If there are two queries in a batch, the results from both will be shown in the Execution Plan tab after we run the code. Comparing them shows where the performance problems are and which costs more. Let’s examine the differences between the following two queries:
--Query 1 SELECT TOP (10) * FROM Sales.Customer; --Query 2 SELECT * FROM Sales.Customer;
When we compare the two queries we see that the second query accounts for 97% of the cost, whereas the first one accounts for 3% of the cost.
Statistics IO
Statistics IO is an option that can be turned on when a query is run in SSMS that displays the number of reads and writes that occur as the result of a query running.
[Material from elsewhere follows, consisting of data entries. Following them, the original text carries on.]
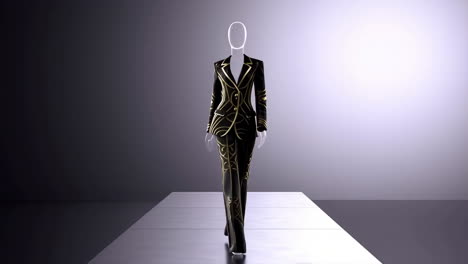 elegant black and gold patterned suit on mannequin on a runway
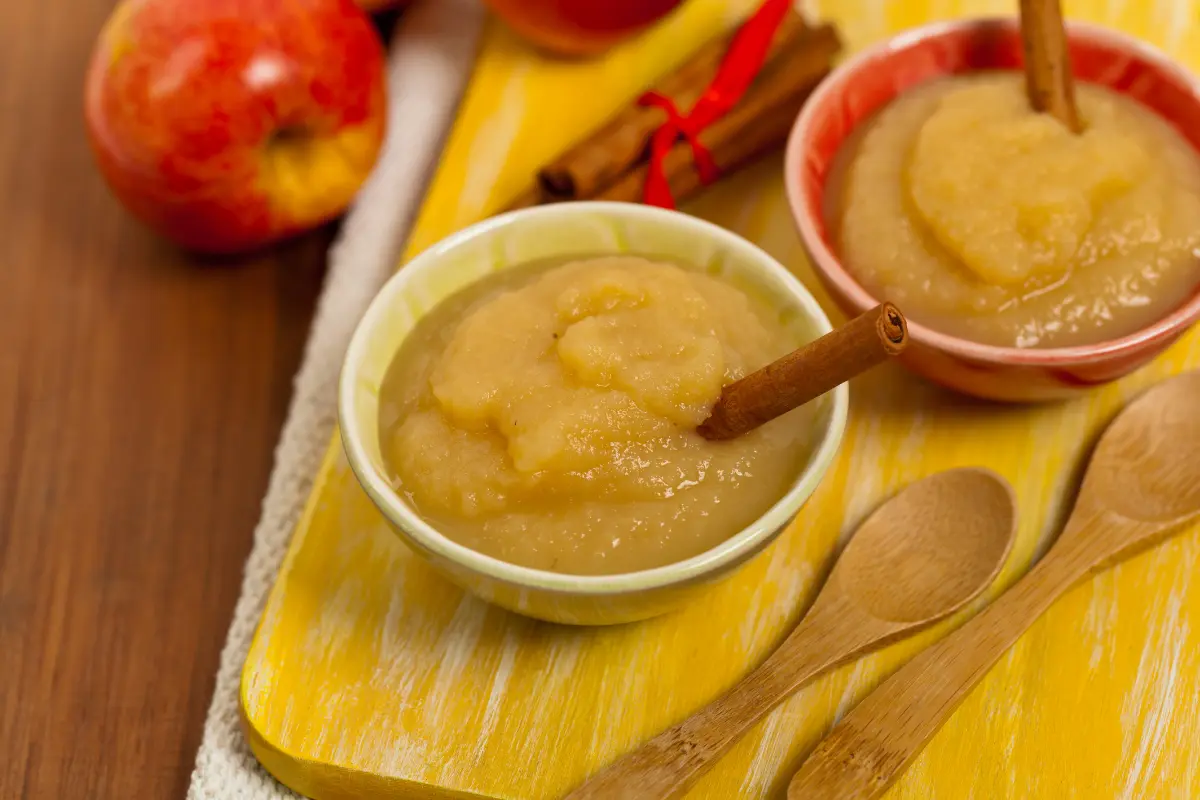 making cinnamon applesauce on kitchen counter.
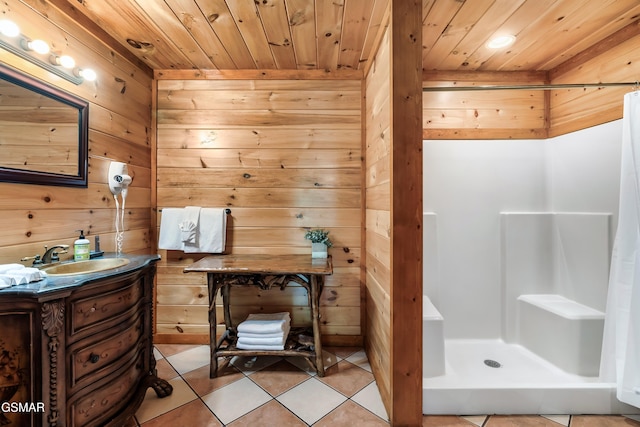 bathroom featuring wood walls, vanity, curtained shower, and wood ceiling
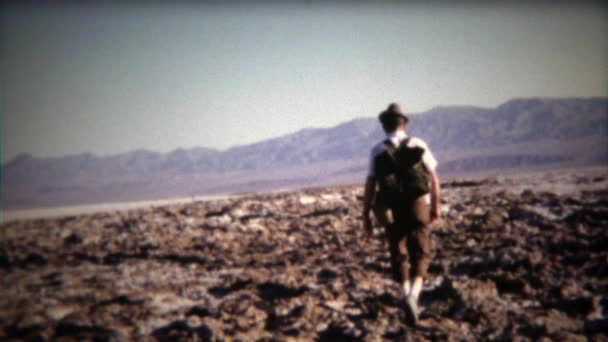 Man walking across mountainous dry lake — Stock Video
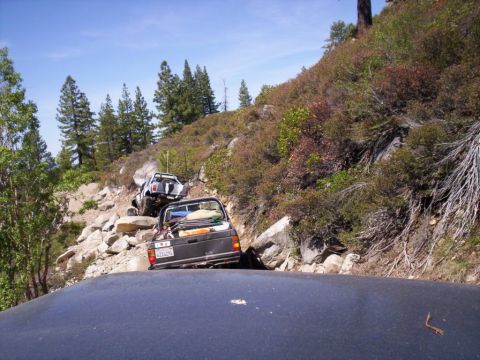 1989 Ford Bronco - Two off-road vehicles carefully make their way up a challenging, boulder-strewn mountain path under a clear blue sky.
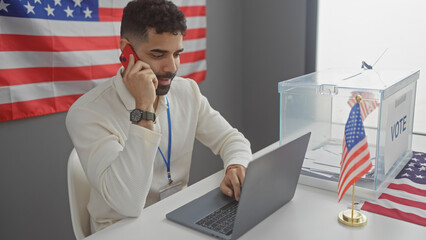 Hispanic man talking on phone by american flag in electoral college with laptop and vote box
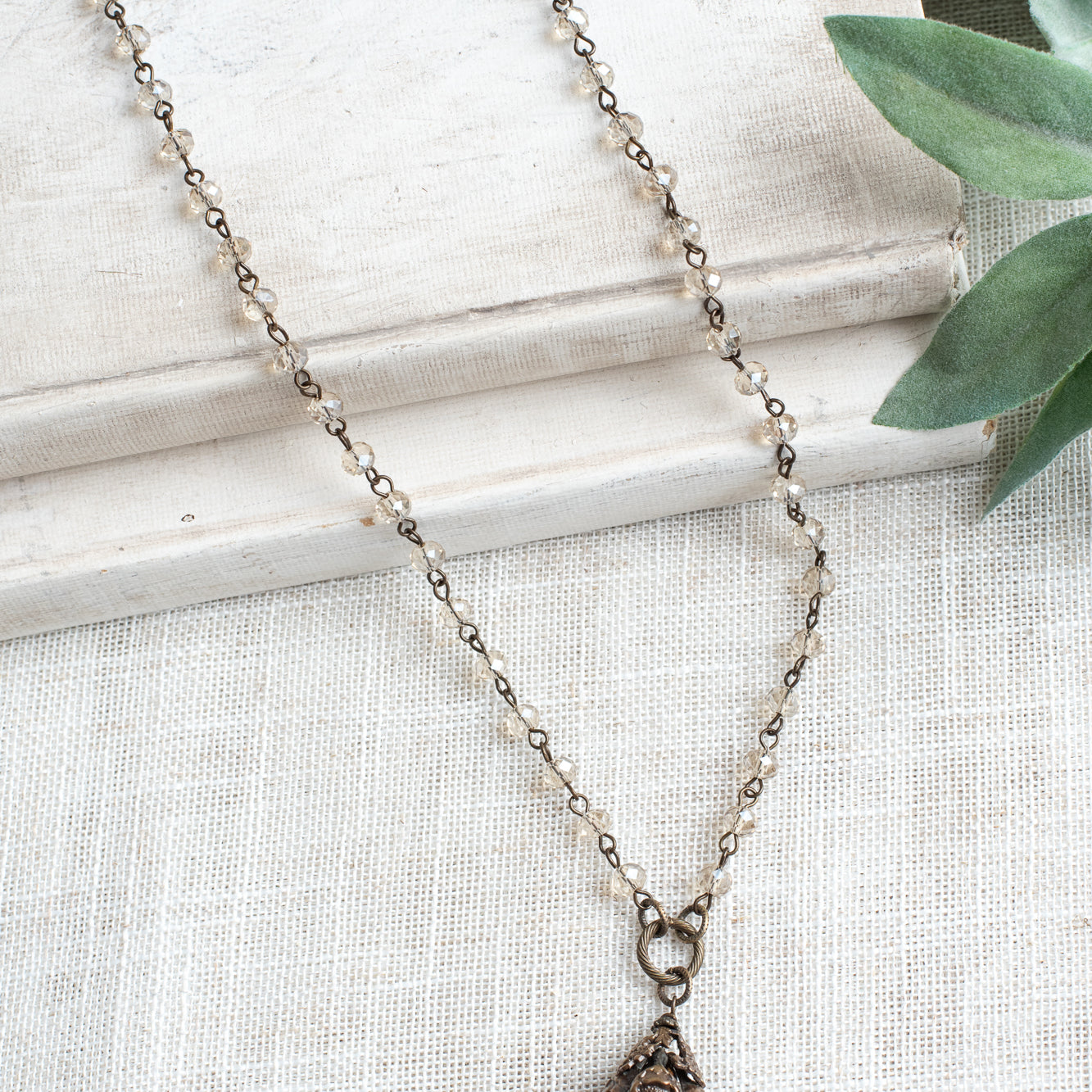 Bronze Vintage Floral and Clear Quartz Pendant on a Light Tan Crystal and Bronze Rosary Chain Necklace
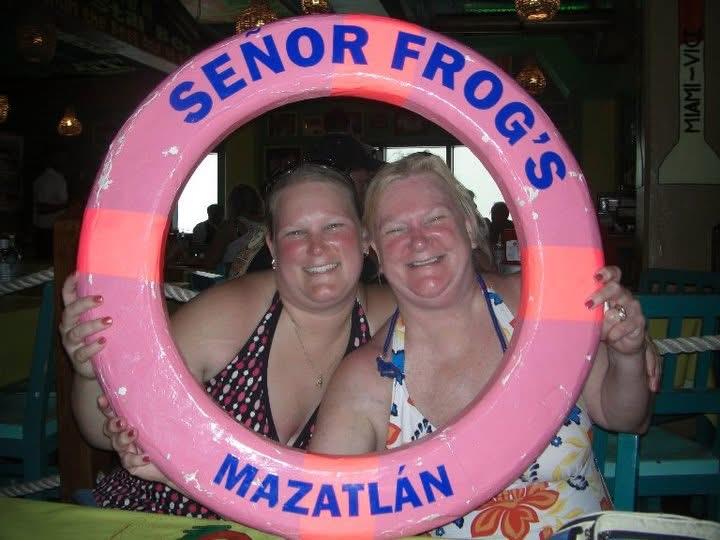A couple of women holding a pink float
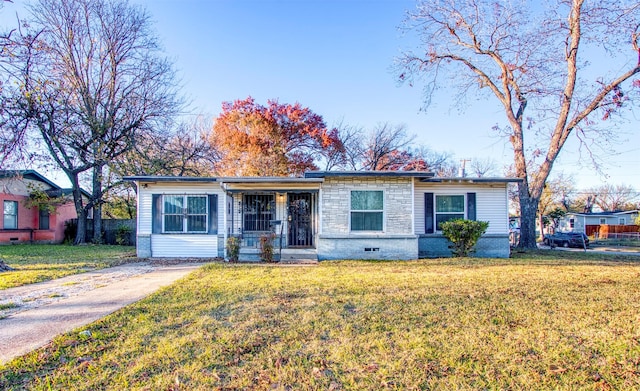 ranch-style house with a front lawn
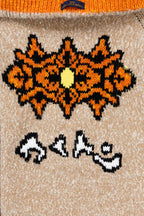 Beige knit zip-up sweater front with orange-and-black snowflake graphic and striped motifs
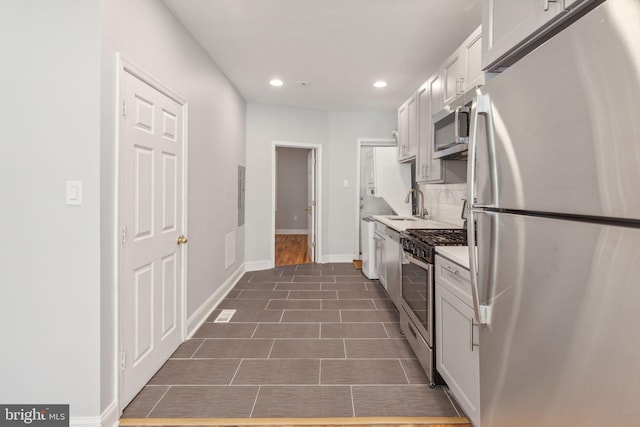 kitchen with decorative backsplash, stainless steel appliances, dark wood-type flooring, sink, and white cabinetry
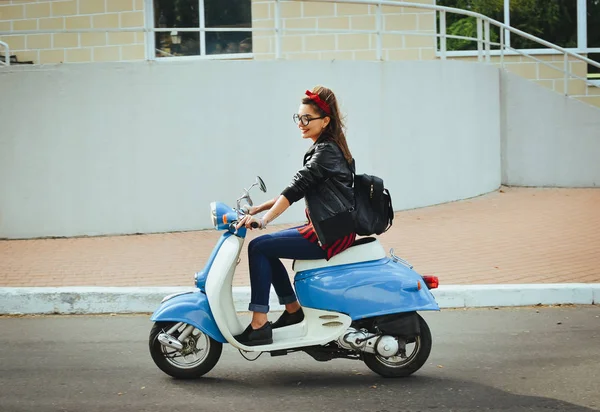 Mutlu genç hipster kadın vintage bir scooter şehirde sürüş gözlük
The results are displayed in the Messages window. To turn statistics IO on, we type the SET STATISTICS IO command, like follows:
SET STATISTICS IO ON; --Query 1 SELECT TOP (10) * FROM Sales.Customer; --Query 2 SELECT * FROM Sales.Customer;
The statistics IO gives details about the number of scans and several different types of reads. From here we can learn more about what the query might be doing. Reads refer to the number of 8K data pages read.
The three types of reads are:
- Logical Reads: Data pages that are already in memory are being read. Logical reads are generally the fastest read type of the three.
- Physical Reads: Requires a data page to be loaded from disk into memory. These are the slowest of the read types.
- Read-Ahead Reads: The number of pages placed into the cache. An optimized version of the physical read.
From this output we can assess how much data is being accessed or moved from disk for a query.
Statistics Time
Statistics Time is similar to Statistics IO in that it measures what the query is doing, but in this case it is measuring the amount of time spent on different tasks. For example, the following ugly query is designed to be slow, so let’s look at the times for this:
SET STATISTICS TIME ON; SELECT * FROM person.person AS p JOIN Sales.SalesOrderHeader AS soh ON p.BusinessEntityID = soh.SalesPersonID WHERE SUBSTRING(p.FirstName, 1, 1) = 'J' ORDER BY CAST(soh.CreditCardID AS VARCHAR(MAX));
The output shows the CPU time used and the elapsed time used. The difference between CPU time and elapsed time usually indicates waiting on something such as IO. It is suggested to use both Statistics Time and Statistics IO on the same query, like follows:
SET STATISTICS IO, TIME ON; SELECT * FROM person.person AS p JOIN Sales.SalesOrderHeader AS soh ON p.BusinessEntityID = soh.SalesPersonID WHERE SUBSTRING(p.FirstName, 1, 1) = 'J' ORDER BY CAST(soh.CreditCardID AS VARCHAR(MAX));
Non-Recursive Performance
Some non-recursive CTEs perform exactly the same as the non-CTE version of the implementation, and some have performance implications as the queries get big.
Multiple References to a Single CTE in a Query
Here we will analyze an earlier query to determine whether multiple references to a single CTE are run once or multiple times. The question here is how often will the SELECT statement inside the departmentsCTE be run.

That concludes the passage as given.